### Task goal
Starting at the line with "Jeux pour bébés" and going on through the line with "Bike topánky Ride", reproduce each line in the records below exactly and nothing more.

### Available data
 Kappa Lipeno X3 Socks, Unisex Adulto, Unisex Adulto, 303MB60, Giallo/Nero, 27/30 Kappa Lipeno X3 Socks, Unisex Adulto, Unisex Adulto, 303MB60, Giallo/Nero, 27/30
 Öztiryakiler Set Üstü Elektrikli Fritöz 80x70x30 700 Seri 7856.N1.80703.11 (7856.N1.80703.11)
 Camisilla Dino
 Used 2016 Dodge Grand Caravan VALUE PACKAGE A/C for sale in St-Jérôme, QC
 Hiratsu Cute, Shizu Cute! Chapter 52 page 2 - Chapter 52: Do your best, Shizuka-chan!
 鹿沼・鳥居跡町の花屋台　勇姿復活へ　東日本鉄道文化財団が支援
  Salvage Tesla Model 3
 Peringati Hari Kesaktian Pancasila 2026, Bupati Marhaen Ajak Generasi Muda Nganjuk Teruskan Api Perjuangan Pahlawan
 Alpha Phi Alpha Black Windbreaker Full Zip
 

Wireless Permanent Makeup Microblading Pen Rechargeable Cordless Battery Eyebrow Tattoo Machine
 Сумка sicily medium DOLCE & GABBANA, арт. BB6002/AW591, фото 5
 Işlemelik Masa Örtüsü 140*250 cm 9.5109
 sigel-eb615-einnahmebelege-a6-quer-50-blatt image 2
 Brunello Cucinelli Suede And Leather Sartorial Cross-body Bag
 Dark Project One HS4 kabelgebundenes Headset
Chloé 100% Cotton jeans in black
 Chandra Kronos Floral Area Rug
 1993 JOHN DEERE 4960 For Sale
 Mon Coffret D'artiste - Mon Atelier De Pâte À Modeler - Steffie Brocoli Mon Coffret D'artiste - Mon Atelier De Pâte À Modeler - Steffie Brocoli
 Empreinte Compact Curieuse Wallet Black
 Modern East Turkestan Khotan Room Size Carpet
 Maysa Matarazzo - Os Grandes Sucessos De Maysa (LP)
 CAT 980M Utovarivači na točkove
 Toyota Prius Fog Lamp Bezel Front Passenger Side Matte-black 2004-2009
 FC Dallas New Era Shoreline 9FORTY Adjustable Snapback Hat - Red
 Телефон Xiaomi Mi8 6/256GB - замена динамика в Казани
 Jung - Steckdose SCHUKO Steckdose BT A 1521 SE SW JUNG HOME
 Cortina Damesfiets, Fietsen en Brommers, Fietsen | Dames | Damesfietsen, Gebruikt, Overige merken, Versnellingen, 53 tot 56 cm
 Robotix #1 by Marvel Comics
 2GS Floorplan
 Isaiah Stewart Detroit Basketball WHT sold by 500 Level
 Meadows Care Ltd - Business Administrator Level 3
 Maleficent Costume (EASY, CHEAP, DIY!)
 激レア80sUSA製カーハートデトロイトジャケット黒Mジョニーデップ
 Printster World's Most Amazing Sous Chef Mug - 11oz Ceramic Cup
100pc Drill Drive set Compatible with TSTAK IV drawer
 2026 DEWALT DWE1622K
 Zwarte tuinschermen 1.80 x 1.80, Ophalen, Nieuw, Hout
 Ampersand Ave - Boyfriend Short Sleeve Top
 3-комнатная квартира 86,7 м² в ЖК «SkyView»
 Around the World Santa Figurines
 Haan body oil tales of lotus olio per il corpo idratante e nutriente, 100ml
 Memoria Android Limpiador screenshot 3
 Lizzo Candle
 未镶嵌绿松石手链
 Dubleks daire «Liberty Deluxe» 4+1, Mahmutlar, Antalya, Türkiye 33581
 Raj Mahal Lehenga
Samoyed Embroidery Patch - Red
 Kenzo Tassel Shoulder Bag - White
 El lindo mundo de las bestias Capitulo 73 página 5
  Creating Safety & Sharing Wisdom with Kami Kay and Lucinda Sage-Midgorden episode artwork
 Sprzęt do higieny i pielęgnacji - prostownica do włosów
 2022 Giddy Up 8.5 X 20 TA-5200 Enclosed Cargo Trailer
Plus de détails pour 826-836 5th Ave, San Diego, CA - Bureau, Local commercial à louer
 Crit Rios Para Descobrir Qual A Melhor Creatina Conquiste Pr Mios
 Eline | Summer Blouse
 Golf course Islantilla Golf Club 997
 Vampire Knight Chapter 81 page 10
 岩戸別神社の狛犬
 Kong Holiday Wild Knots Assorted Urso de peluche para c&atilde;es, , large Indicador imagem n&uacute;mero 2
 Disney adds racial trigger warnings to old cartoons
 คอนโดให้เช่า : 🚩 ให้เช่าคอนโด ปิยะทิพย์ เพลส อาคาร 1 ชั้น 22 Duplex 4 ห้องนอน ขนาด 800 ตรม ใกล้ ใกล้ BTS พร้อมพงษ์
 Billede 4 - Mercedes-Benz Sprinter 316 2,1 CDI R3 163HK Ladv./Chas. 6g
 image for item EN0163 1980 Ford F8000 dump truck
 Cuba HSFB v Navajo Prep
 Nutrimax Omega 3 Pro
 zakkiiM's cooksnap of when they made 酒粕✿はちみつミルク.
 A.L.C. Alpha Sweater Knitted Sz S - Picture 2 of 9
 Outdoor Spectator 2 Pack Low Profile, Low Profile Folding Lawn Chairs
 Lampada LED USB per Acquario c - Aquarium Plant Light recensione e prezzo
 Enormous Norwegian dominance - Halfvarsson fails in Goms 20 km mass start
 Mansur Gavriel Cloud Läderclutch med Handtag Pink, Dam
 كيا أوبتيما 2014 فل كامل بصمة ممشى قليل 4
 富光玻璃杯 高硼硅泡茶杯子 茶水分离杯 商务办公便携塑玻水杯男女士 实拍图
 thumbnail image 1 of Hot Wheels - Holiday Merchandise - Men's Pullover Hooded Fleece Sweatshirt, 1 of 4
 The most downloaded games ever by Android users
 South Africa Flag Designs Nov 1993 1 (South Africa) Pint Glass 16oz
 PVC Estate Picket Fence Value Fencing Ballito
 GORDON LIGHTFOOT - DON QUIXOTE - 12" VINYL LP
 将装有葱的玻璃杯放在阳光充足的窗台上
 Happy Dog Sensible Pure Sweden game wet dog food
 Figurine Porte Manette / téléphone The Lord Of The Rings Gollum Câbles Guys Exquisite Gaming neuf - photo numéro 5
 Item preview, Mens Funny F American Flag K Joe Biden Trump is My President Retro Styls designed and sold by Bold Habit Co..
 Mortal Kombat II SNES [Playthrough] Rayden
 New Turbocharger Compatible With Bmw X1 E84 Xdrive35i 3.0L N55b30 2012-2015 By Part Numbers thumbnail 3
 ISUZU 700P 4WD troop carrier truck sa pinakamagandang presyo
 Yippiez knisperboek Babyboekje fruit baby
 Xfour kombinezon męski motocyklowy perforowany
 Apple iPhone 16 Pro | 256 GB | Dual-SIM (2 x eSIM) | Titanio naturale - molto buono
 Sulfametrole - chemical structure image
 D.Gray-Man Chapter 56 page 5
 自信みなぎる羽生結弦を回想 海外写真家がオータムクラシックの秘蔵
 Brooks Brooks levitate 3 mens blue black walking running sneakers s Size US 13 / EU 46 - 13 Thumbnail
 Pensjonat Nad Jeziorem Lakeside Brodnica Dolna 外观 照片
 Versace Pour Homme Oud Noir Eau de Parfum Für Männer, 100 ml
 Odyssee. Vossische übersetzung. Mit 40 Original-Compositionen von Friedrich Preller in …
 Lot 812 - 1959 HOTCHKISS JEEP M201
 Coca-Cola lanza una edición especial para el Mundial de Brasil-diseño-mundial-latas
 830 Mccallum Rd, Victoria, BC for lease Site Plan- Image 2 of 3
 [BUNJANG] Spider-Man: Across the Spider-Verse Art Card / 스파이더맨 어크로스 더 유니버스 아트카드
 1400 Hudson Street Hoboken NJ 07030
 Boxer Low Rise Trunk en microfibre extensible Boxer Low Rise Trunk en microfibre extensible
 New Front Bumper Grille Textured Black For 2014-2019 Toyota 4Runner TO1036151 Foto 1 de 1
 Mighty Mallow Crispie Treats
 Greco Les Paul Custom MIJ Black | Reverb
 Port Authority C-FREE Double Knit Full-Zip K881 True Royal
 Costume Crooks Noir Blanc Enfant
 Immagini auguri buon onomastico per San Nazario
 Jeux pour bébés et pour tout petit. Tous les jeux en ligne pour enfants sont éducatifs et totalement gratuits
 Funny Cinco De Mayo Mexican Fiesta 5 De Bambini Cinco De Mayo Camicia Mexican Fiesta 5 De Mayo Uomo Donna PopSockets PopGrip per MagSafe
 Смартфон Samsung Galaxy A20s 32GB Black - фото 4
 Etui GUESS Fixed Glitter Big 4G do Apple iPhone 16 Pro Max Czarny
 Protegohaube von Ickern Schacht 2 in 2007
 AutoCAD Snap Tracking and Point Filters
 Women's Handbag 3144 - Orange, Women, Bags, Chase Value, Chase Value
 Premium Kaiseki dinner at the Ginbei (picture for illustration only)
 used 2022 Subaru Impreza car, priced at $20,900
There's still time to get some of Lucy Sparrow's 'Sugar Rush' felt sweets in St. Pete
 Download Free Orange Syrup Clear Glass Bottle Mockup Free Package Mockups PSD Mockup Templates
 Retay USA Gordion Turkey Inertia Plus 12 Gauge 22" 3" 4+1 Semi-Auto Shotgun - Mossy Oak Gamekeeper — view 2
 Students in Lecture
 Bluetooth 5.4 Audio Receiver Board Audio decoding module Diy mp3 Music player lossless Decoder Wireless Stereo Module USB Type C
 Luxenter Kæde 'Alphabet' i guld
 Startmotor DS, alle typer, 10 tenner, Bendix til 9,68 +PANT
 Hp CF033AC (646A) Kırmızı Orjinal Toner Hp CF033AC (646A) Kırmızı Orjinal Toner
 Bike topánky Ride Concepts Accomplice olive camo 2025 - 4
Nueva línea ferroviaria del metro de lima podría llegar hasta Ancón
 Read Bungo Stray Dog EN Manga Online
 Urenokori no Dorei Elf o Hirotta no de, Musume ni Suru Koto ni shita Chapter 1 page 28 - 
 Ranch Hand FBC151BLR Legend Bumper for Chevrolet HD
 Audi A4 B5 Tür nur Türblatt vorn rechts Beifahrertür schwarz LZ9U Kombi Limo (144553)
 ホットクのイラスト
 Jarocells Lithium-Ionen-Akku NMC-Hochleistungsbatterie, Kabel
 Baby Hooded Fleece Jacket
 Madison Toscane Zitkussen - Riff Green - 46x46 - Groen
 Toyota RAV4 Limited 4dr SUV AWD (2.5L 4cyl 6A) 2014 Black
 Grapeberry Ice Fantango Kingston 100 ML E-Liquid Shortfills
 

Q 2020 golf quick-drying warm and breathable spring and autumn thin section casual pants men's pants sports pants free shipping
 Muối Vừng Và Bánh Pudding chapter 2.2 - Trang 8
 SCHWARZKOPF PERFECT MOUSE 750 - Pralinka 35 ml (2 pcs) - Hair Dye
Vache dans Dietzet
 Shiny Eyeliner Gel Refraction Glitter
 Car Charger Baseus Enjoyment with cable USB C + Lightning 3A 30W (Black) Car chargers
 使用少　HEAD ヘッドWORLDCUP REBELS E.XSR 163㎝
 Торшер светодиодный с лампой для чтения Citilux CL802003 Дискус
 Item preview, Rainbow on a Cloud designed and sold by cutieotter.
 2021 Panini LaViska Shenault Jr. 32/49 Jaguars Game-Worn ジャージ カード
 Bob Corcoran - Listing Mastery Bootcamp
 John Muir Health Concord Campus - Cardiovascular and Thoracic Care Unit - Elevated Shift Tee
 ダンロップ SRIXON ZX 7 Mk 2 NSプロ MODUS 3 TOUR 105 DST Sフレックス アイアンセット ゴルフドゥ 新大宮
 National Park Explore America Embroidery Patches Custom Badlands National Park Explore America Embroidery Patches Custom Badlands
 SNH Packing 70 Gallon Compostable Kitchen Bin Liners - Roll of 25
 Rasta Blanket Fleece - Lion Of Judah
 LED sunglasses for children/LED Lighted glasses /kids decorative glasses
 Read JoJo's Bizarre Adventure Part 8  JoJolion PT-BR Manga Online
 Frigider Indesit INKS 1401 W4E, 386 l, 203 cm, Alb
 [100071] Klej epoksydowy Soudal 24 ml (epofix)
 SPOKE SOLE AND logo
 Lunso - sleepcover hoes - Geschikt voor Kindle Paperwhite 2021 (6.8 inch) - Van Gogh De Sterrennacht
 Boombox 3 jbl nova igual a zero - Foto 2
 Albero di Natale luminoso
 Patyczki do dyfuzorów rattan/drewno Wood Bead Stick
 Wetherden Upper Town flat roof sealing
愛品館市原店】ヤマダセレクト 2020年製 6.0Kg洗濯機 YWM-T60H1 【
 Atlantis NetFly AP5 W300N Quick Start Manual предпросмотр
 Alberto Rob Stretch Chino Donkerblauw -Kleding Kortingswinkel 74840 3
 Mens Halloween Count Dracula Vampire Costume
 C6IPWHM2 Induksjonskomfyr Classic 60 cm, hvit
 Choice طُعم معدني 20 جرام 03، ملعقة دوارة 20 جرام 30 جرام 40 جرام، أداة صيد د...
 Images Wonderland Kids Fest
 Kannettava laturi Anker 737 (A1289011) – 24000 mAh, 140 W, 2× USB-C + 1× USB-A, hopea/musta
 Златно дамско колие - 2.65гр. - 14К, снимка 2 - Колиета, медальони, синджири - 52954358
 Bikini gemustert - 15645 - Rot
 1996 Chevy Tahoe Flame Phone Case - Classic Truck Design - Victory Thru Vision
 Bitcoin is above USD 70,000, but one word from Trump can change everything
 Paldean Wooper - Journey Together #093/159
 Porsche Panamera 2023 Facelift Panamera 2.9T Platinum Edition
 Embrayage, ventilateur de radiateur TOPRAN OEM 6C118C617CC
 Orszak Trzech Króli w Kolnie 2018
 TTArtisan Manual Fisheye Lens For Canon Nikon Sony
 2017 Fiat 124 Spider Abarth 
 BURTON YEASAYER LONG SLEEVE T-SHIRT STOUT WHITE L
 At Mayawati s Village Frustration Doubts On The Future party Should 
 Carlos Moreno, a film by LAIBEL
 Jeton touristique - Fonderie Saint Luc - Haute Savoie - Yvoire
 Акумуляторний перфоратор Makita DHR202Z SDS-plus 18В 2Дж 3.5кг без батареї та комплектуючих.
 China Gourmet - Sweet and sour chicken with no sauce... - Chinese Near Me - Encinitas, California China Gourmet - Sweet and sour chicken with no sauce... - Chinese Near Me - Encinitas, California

### Solution
 Jeux pour bébés et pour tout petit. Tous les jeux en ligne pour enfants sont éducatifs et totalement gratuits
 Funny Cinco De Mayo Mexican Fiesta 5 De Bambini Cinco De Mayo Camicia Mexican Fiesta 5 De Mayo Uomo Donna PopSockets PopGrip per MagSafe
 Смартфон Samsung Galaxy A20s 32GB Black - фото 4
 Etui GUESS Fixed Glitter Big 4G do Apple iPhone 16 Pro Max Czarny
 Protegohaube von Ickern Schacht 2 in 2007
 AutoCAD Snap Tracking and Point Filters
 Women's Handbag 3144 - Orange, Women, Bags, Chase Value, Chase Value
 Premium Kaiseki dinner at the Ginbei (picture for illustration only)
 used 2022 Subaru Impreza car, priced at $20,900
There's still time to get some of Lucy Sparrow's 'Sugar Rush' felt sweets in St. Pete
 Download Free Orange Syrup Clear Glass Bottle Mockup Free Package Mockups PSD Mockup Templates
 Retay USA Gordion Turkey Inertia Plus 12 Gauge 22" 3" 4+1 Semi-Auto Shotgun - Mossy Oak Gamekeeper — view 2
 Students in Lecture
 Bluetooth 5.4 Audio Receiver Board Audio decoding module Diy mp3 Music player lossless Decoder Wireless Stereo Module USB Type C
 Luxenter Kæde 'Alphabet' i guld
 Startmotor DS, alle typer, 10 tenner, Bendix til 9,68 +PANT
 Hp CF033AC (646A) Kırmızı Orjinal Toner Hp CF033AC (646A) Kırmızı Orjinal Toner
 Bike topánky Ride Concepts Accomplice olive camo 2025 - 4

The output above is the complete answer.